Mittelalter
Religion und Wissenschaft im Mittelalter
Positiver Einfluß der Araber
Toleranz statt Integralismus
Die Tatsache, dass arabische Herrscher, Seeräuber und Sklavenjäger Süditalien, Korsika und Sardinen, die Balearen und die europäische Mittelmeerküste die Araber unterhielten sogar einen Stützpunkt bei Cap d´Agde in Frankreich bis ins 19. Jh. hinein unsicher machten, verstellt den Blick auf einige geschichtliche Tatsachen. Die traditionelle Geschichtsschreibung kennzeichnete die Araber als beutelüstern, grausam und voller Verachtung gegenüber fremden Kulturen. Dabei waren sie keineswegs als Barbaren auf Sizilien gelandet.
Während zu jener Zeit im christlichen Abendland nur wenige mit Feder und Tinte umgehen konnten überwiegend die Geistlichen, im Englischen »clergy«, woraus dann »clerk« (Büroangestellter) und auch der Eigenname »Clark« wurde besaßen die Araber öffentliche Bibliotheken, Schulen, und Universitäten (man beachte wieder unser unglaubliches Wissen!).
Ein Einwohner Palermos wäre als Besucher im völkerwanderungsgeschädigten Rom, in Köln oder in Paris sicher wegen des Drecks in den Straßen, des Mangels an Hygiene, an Schulen, Bädern und Spitälern befremdet gewesen, hätten sich quasi in einem »Entwicklungsland« gefühlt.
Die heutige Geschichtswissenschaft ist sich darüber einig, dass ohne arabischen Einfluß kein modernes Europa, wie wir es kennen, denkbar wäre.

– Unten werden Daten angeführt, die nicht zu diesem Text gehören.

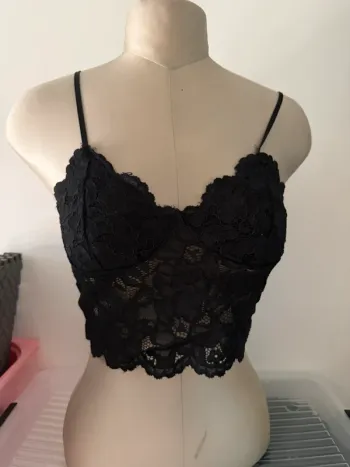 Top bustier en dentelle noir - Zara (Taille L)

Das maurische Spanien und das arabische Sizilien bildeten Einfallstore für Wissenschaft und Kunst der Muselmanen. Die Mauren hatten die antike Überlieferung mitgebracht, das wissenschaftliche Denken eines Aristoteles weitergegeben. So bemühte sich im 12. Jh. in Sevilla Ibn Ruschd Averroes (ca. 1120-1198) mit seiner Schule um ein begriffliches Denken, das sich vom theologischen unterscheiden sollte.
In Cordoba wurde der Arzt und Religionsphilosoph Maimonides geboren. Moses des Maimon (1135-1204) wurde ein Begründer des modernen Rationalismus, indem er sich bemühte, Gott aus der Vernunft zu begründen, eine wichtige Vorarbeit, weit über die mittelalterliche Philosophie hinaus.
Auf Sizilien konnten die Araber auch nach der normannischen Landung noch anderthalb Jahrhunderte wirken. Sprache der Wissenschaften war Arabisch. Kaftan und Turban gehörten zum Straßenbild. Der Adel wurde arabisch bekocht, genoß arabische Bäder und schmückte seine Behausungen entsprechend arabischem Geschmack aus. Unter Roger II. bestand die Leibwache aus Arabern. Muselmanen waren Minister, Ärzte, Wissenschaftler.